[Start of section]
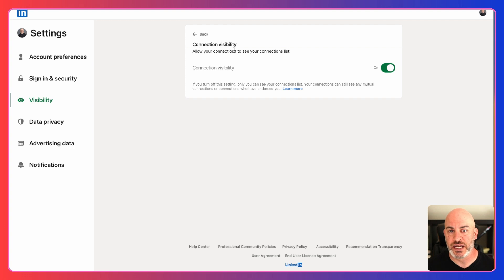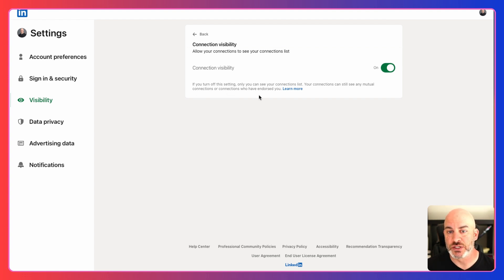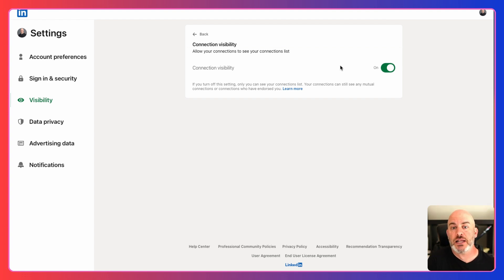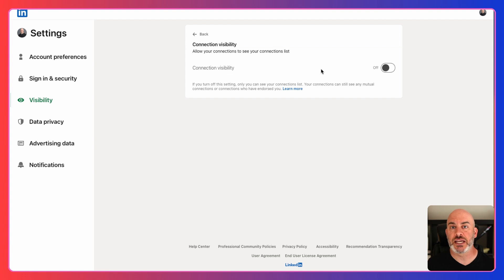In this section you'll see Connection Visibility: 'Allow your connections to see your connection list.' What this means is if you turn off this setting, only you can see your connections list. Your connections can still see any mutual connections or connections that they have endorsed for you. So if someone endorses you — say as a real estate agent or for work you've done together — somebody will still be able to see that connection. If you have a mutual connection to somebody else, they will only be able to see those mutual connections. To turn off this privacy setting, toggle this to off. If I turn this off, someone who visits my profile will no longer be able to see all of those contacts.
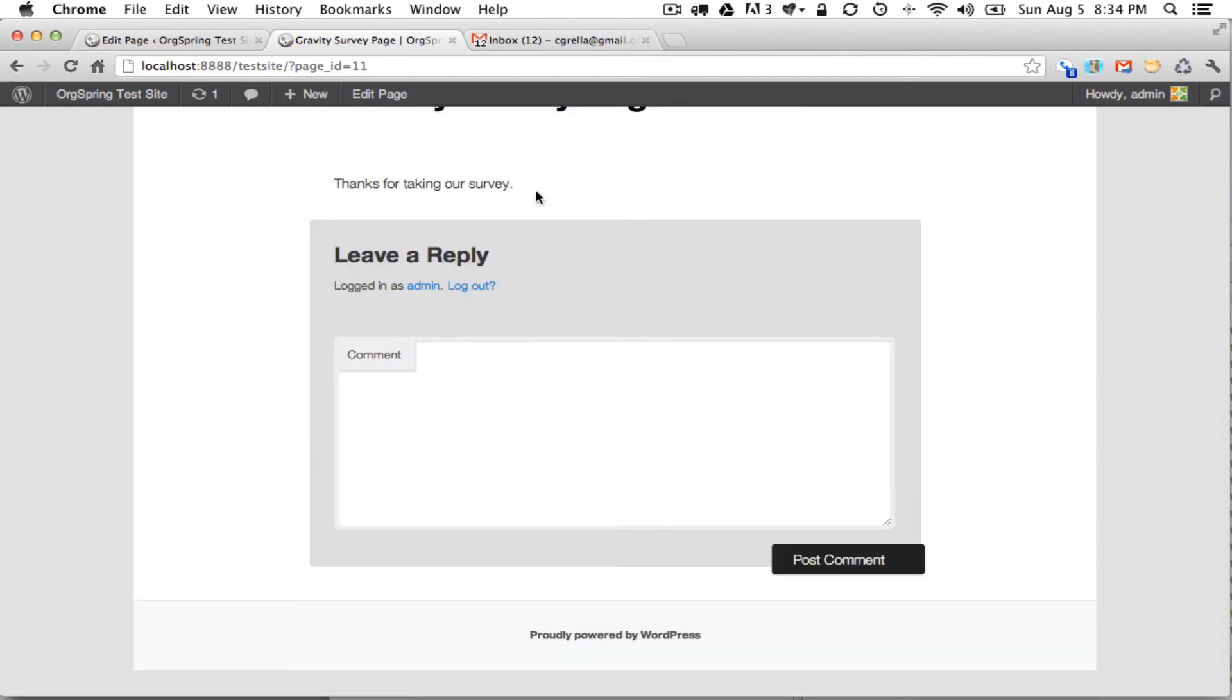And you'll see here it gives us our success note, thanks for taking our survey. Of course you can fill in that form with any HTML that you want. You could also style it with CSS or you could add in more information.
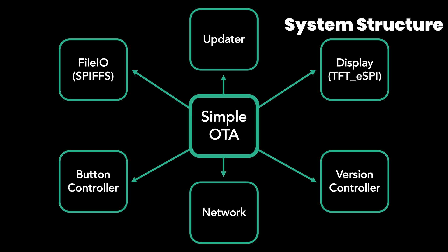There are a total of 7 classes, including the main class which is a simple OTA. 6 modules were separated into classes here. All of the parts you draw on the screen are done through the display class and displayed on the screen with the tft.espi library.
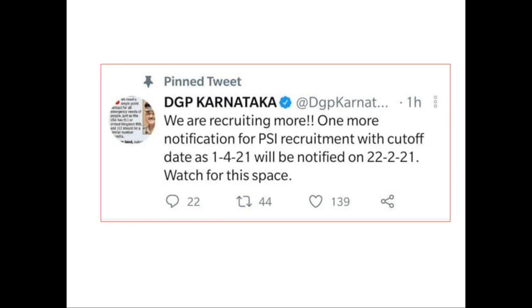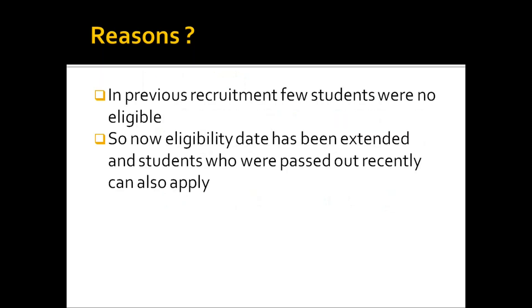Almost February, March, April — you know, degree students move on. That's why the date is set around that period. February, March, April — by that time you would have passed out. So students who passed out around that period are eligible.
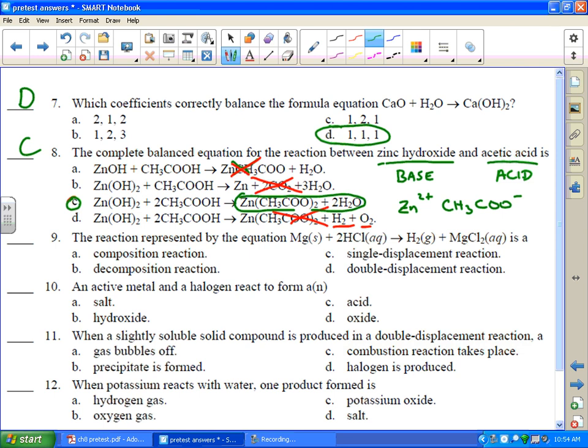The reaction represented by the equation magnesium solid plus 2 hydrochloric acid forms hydrogen gas and magnesium chloride is A — that's a single displacement reaction. It's an element, a metal, and magnesium is replacing hydrogen. Magnesium is higher on the activity series than hydrogen, and it can displace it from an acid.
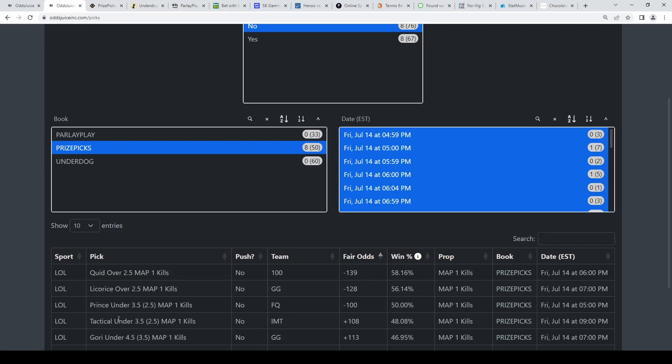Now Prince, Tactical, and Gory are all mispriced. They should either be at 2.5, 2.5, 3.5, or just not this good. So Prince at 3.5 is way too high, we're taking the under 3.5. Same with Tactical and Gory - you could see 50% likelihood to go under 2.5, we're getting a full kill extra. Same concept for the other guys.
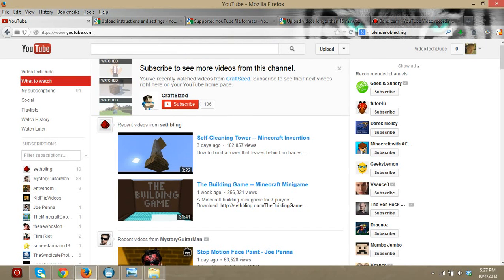Hello guys, this is Video Tech Dude and today I'm going to show you how to upload a video, edit it, add music to it, and do some other stuff.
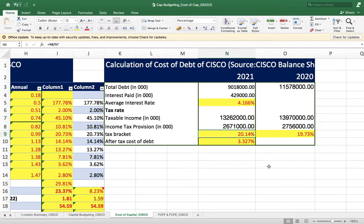Now we have the pre-tax cost of debt of 4.166%. Multiplied by (1 minus the tax rate), this gives us the post-tax or after-tax cost of debt.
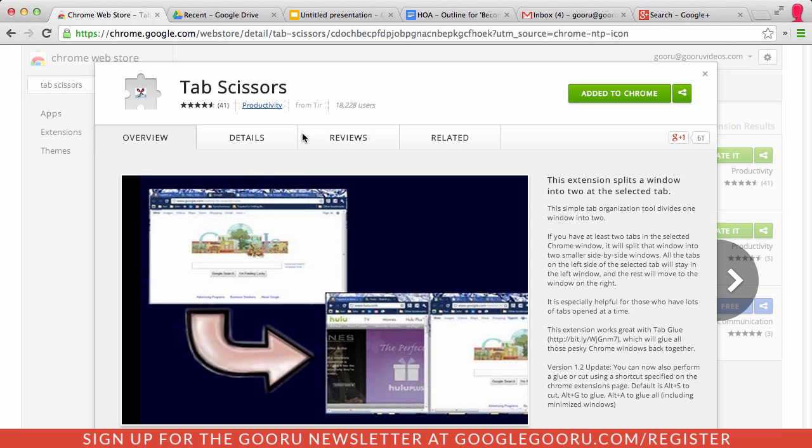if you are working on a project and you need to reference two tabs at the same time. So you could open these up in separate windows and then minimize them so they're both visible at the same time, or you could just use Tab Scissors to immediately cut those tabs in between and view them easily.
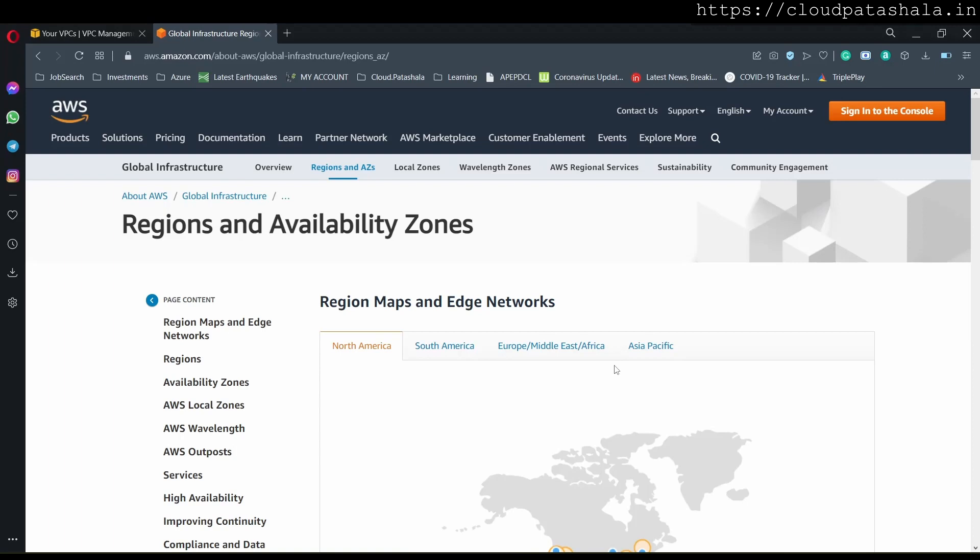Hello everyone, welcome to CloudMart Shala's video series on Amazon Web Services, also commonly called as AWS.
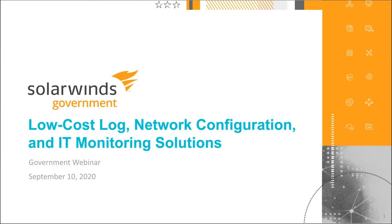Welcome and thanks for joining us for today's webinar, Low-Cost Log, Network Configuration, and IT Monitoring Solutions.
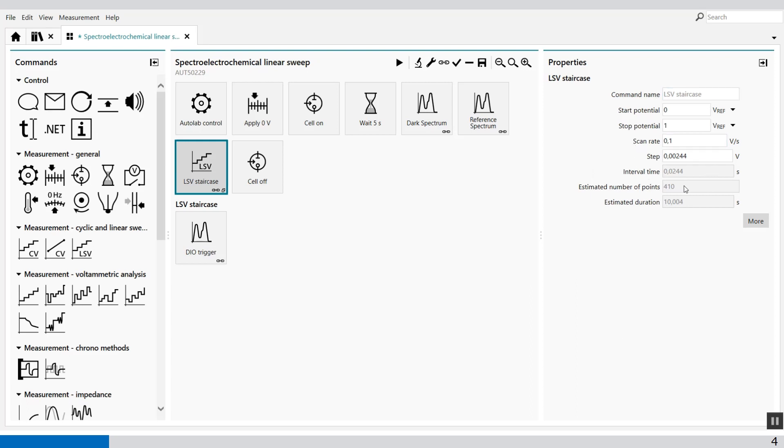This measurement has about 410 data points. And this is important because we need to know the amount of data points we're going to expect.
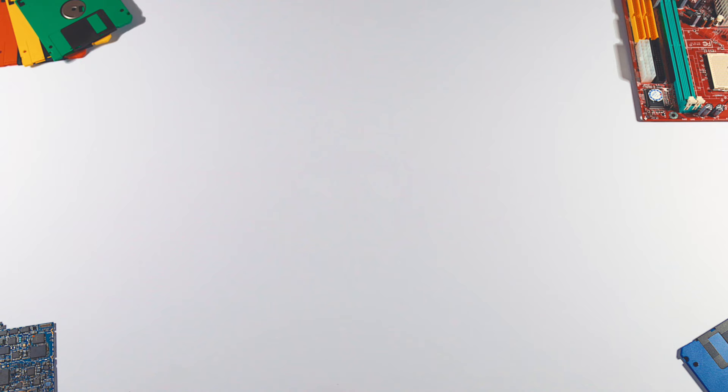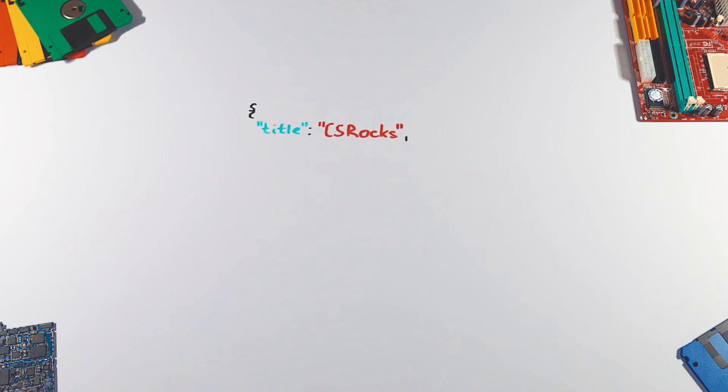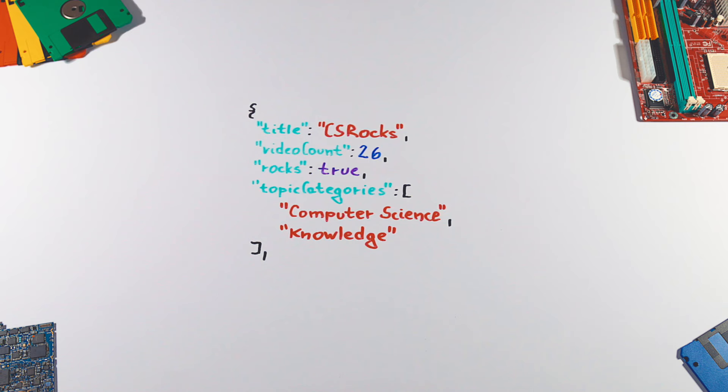It starts and ends with curly brackets and has the following data types: string, number, boolean, array (an ordered list of zero or more values where each value may be of any type), and object (an unordered collection of name-value pairs where names, also called keys, are strings and values may be of any type). Also, any value can be empty using the word null.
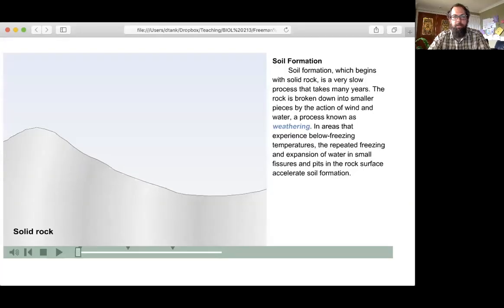Hey folks, welcome back. I'm going to finish up the plant nutrition part of the course here. Before I get into the last section on nutritional adaptations, I want to show a summary that covers different types of soils and soil formation through the acquisition of nutrients from soil water in plants. I'll share a screen and I'll also post this on our BB Learn site so you can watch it again separately.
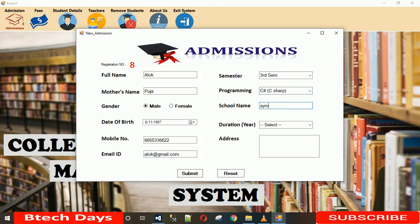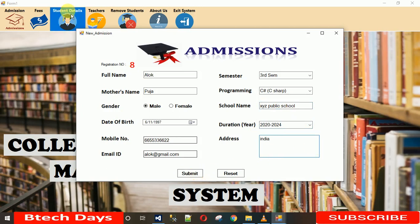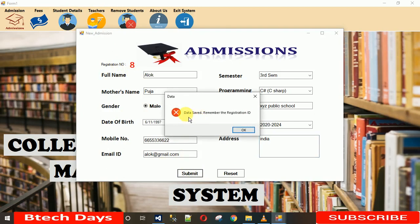For the school name, I'll enter 'XYZ Public School.' Then the batch duration — from 2020 to 2024 — and the address as India. When I click Submit, the data is saved. You can see the registration ID is 8, confirming the record was saved.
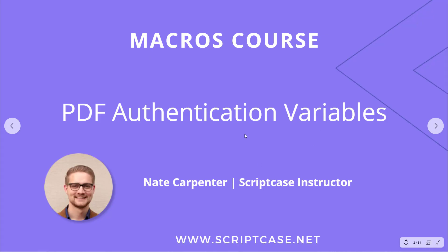Hi everyone, welcome back to the Scriptcase macros course. Today we're going to be looking at setting PDF authentication variables.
[End of section]
_Problem to work on_
Out of the records above, please copy exactly the lines from the line with "There are a" up to and including the line with "The reaction represented", minus the pictures.

_Task result_
There are a total of 7 classes, including the main class which is a simple OTA. 6 modules were separated into classes here. All of the parts you draw on the screen are done through the display class and displayed on the screen with the tft.espi library.
Almost February, March, April — you know, degree students move on. That's why the date is set around that period. February, March, April — by that time you would have passed out. So students who passed out around that period are eligible.
The reaction represented by the equation magnesium solid plus 2 hydrochloric acid forms hydrogen gas and magnesium chloride is A — that's a single displacement reaction. It's an element, a metal, and magnesium is replacing hydrogen. Magnesium is higher on the activity series than hydrogen, and it can displace it from an acid.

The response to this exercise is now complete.